Postoperative outcomes

Postoperative results are shown in table 3. The average ICU stay was 3.32±3.24 days and the average total hospital stay 7.70±5.82 days. Mean transvalvular gradients were 7.82±3.62 mmHg. 4 patients (2.04%) died, one due to refractory cardiogenic shock, two due to septic shock and multiorgan failure following urgent surgery for native valve endocarditis and one after neurologic complications related to an underlying type A aortic dissection.

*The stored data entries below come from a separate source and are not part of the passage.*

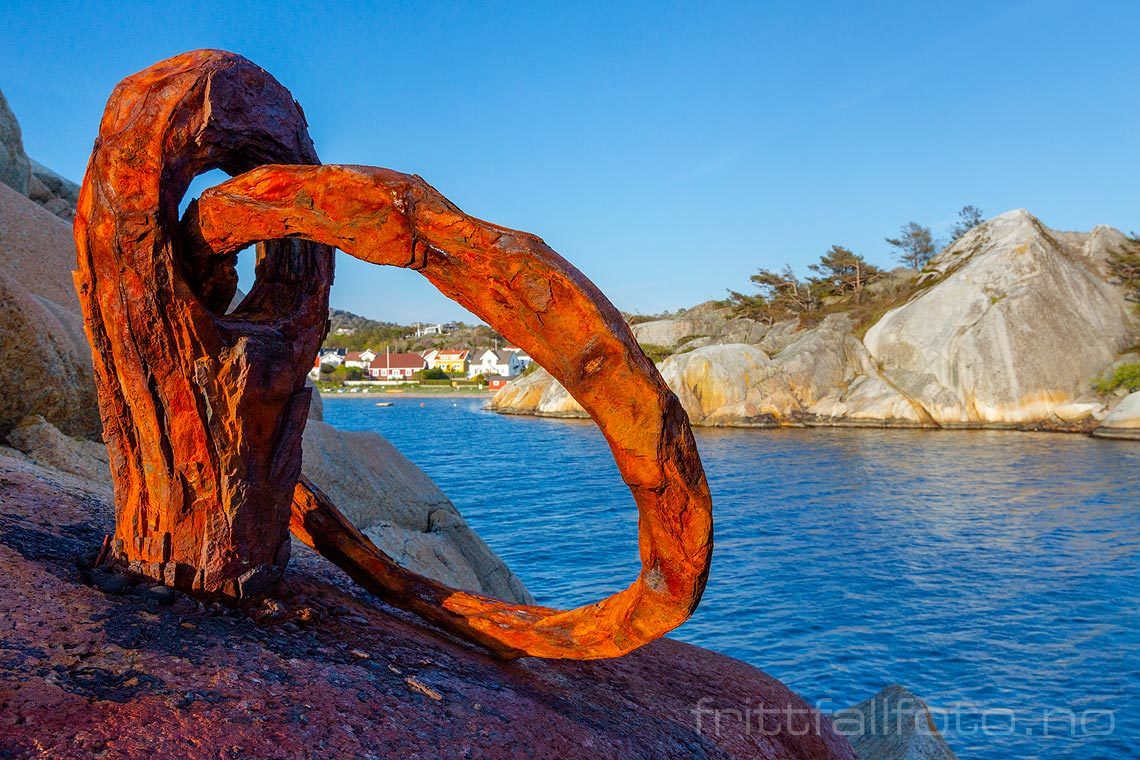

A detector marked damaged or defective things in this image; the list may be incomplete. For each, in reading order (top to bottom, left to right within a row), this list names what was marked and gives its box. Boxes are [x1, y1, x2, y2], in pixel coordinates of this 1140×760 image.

corroded metal loop [191, 164, 715, 656]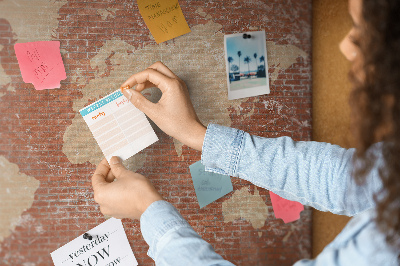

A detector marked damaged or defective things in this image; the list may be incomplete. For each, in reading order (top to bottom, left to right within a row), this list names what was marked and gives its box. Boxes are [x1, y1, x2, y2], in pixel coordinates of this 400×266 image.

peeling paint [0, 0, 67, 42]
peeling paint [63, 16, 306, 163]
peeling paint [0, 157, 39, 242]
peeling paint [222, 186, 268, 236]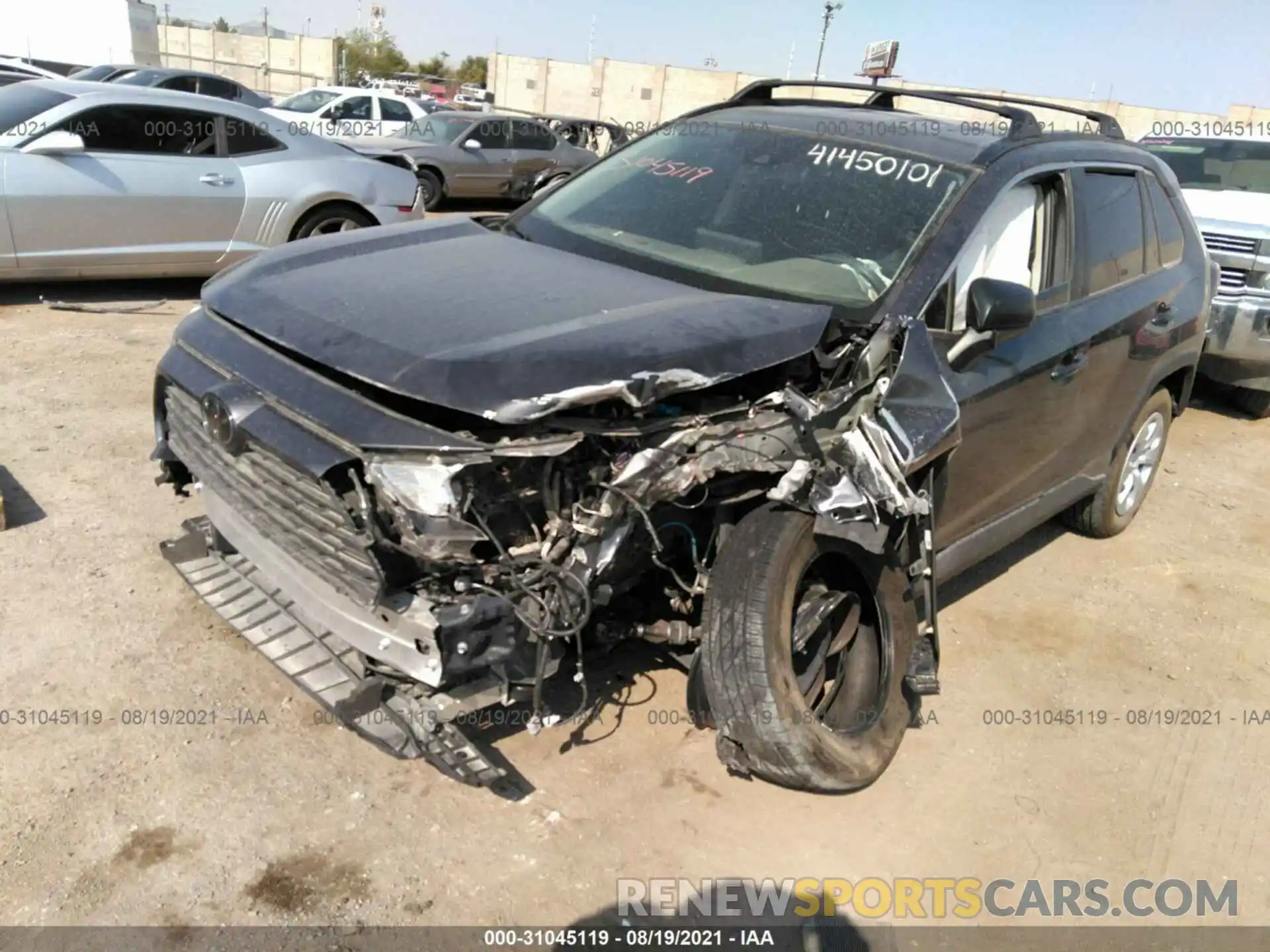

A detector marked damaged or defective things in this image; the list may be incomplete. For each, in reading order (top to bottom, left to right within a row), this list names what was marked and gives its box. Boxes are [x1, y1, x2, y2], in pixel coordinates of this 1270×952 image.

crumpled hood [200, 218, 833, 426]
damaged dark gray suv [156, 83, 1208, 797]
detached bumper piece [161, 518, 518, 792]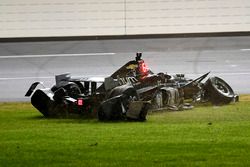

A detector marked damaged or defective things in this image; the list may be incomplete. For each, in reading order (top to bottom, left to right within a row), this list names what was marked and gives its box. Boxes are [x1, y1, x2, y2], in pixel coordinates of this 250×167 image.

The most common immediate postoperative complications over the entire cohort were the need for aminergic support for over 24 hours (45.1%), new-onset atrial fibrillation (21.9%), PPI (12.8%) and significant acute kidney injury (AKI) (10.5%). Less prevalent postoperative complications included infections (10.2%), abnormal bleeding (9.2%), renal replacement support (3.1%), early mortality (2.0%), intra-aortic balloon pump implantation (2.0%) and the need for surgical exploration for bleeding (1.0%).
During follow-up, no structural valve deterioration, strokes, or endocarditis were reported. One patient developed valve thrombosis (0.5%), which was successfully treated with oral anticoagulants. Figure 1 shows the overall Kaplan-Meier cumulative survival curve throughout 5 years. The survival rate at the end of 1 year was 94%, at 3 years 86% and 5 years 71%.